Philosophy
AlgebraOfGraphics aims to be a declarative, question-driven language for data visualizations. This section describes its main guiding principles.
From question to plot
When analyzing a dataset, we often think in abstract, declarative terms. We have questions concerning our data, which can be answered by appropriate visualizations. For instance, we could ask whether a discrete variable :x
affects the distribution of a continuous variable :y
. We would then like to generate a visualization that answers this question.
In imperative programming, this would be implemented via the following steps.
- Pick the dataset.
- Divide the dataset into subgroups according to the values of
:x
. - Compute the density of
:y
on each subgroup. - Choose a plot attribute to distinguish subgroups, for instance
color
. - Select as many distinguishable colors as there are unique values of
:x
. - Plot all the density curves on top of each other.
- Create a legend, describing how unique values of
:x
are associated to colors.
While the above procedure is certainly feasible, it can introduce a cognitive overhead, especially when more variables and attributes are involved.
In a declarative framework, the user needs to express the question, and the library will take care of creating the visualization. Let us solve the above problem in a toy dataset.
plt = data(df) # declare the dataset
plt *= density() # declare the analysis
plt *= mapping(:y) # declare the arguments of the analysis
plt *= mapping(color = :x) # declare the grouping and the respective visual attribute
draw(plt) # draw the visualization and its legend
No mind reading
Plotting packages requires the user to specify a large amount of settings. The temptation is then to engineer a plotting library in such a way that it would guess what the user actually wanted. AlgebraOfGraphics follows a different approach, based on algebraic manipulations of plot descriptors.
The key intuition is that a large fraction of the "clutter" in a plot specification comes from repeating the same information over and over. Different layers of the same plot will share some but not all information, and the user should be able to distinguish settings that are private to a layer from those that are shared across layers.

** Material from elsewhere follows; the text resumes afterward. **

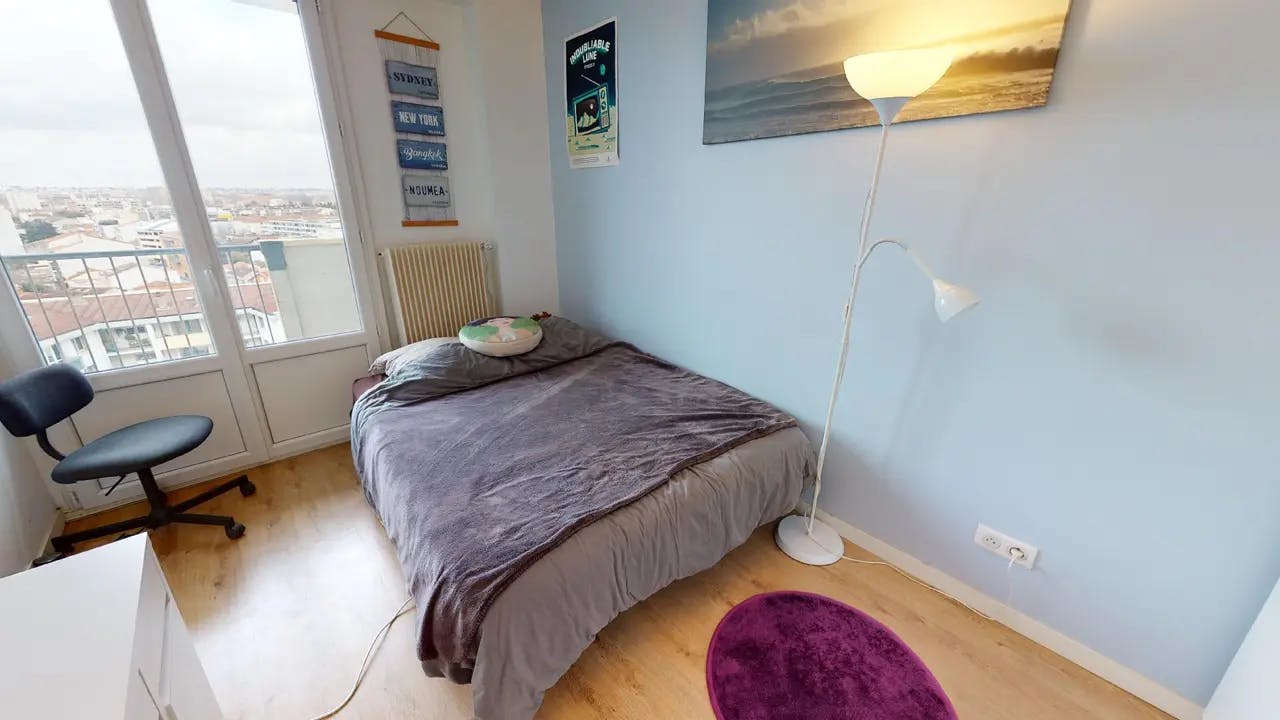 Private room in Boulevard de Larramet, Toulouse (1512028) room image 2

We achieve this goal using the distributive properties of addition and multiplication. This is best explained by example. Let us assume that we wish to visually inspect whether a discrete variable :x
affects the joint distribution of two continuous variables, :y
and :z
.
We would like to have two layers, one with the raw data, the other with an analysis (kernel density estimation).

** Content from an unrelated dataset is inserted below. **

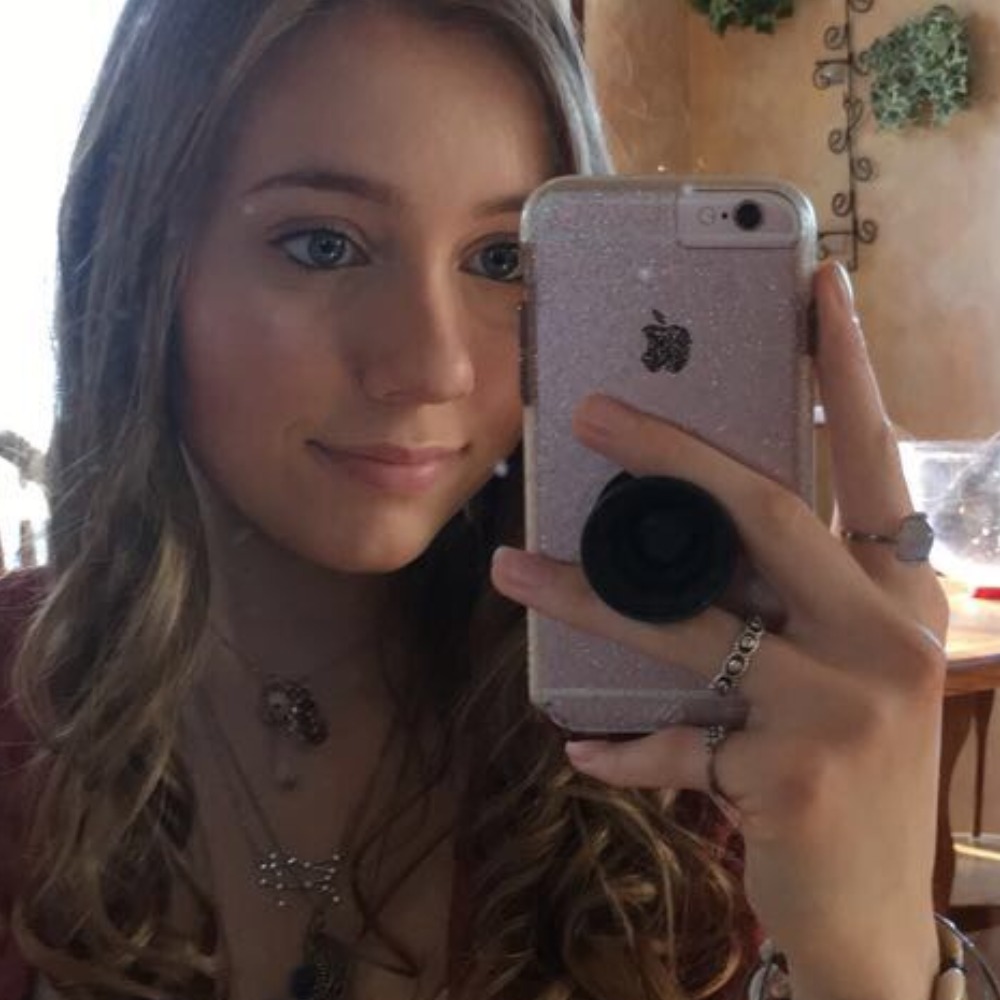 Meet your Posher, Nina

Naturally, the axes should represent the same variables (:y
and :z
) for both layers. Only the density layer should be a contour plot, whereas only the scatter layer should have some transparency and be grouped (according to :x
) in different subplots.
plt = data(df) *
(
visual(Scatter, alpha = 0.3) * mapping(layout = :x) +
density() * visual(Contour, colormap = Reverse(:grays))
) *
mapping(:y, :z)
draw(plt)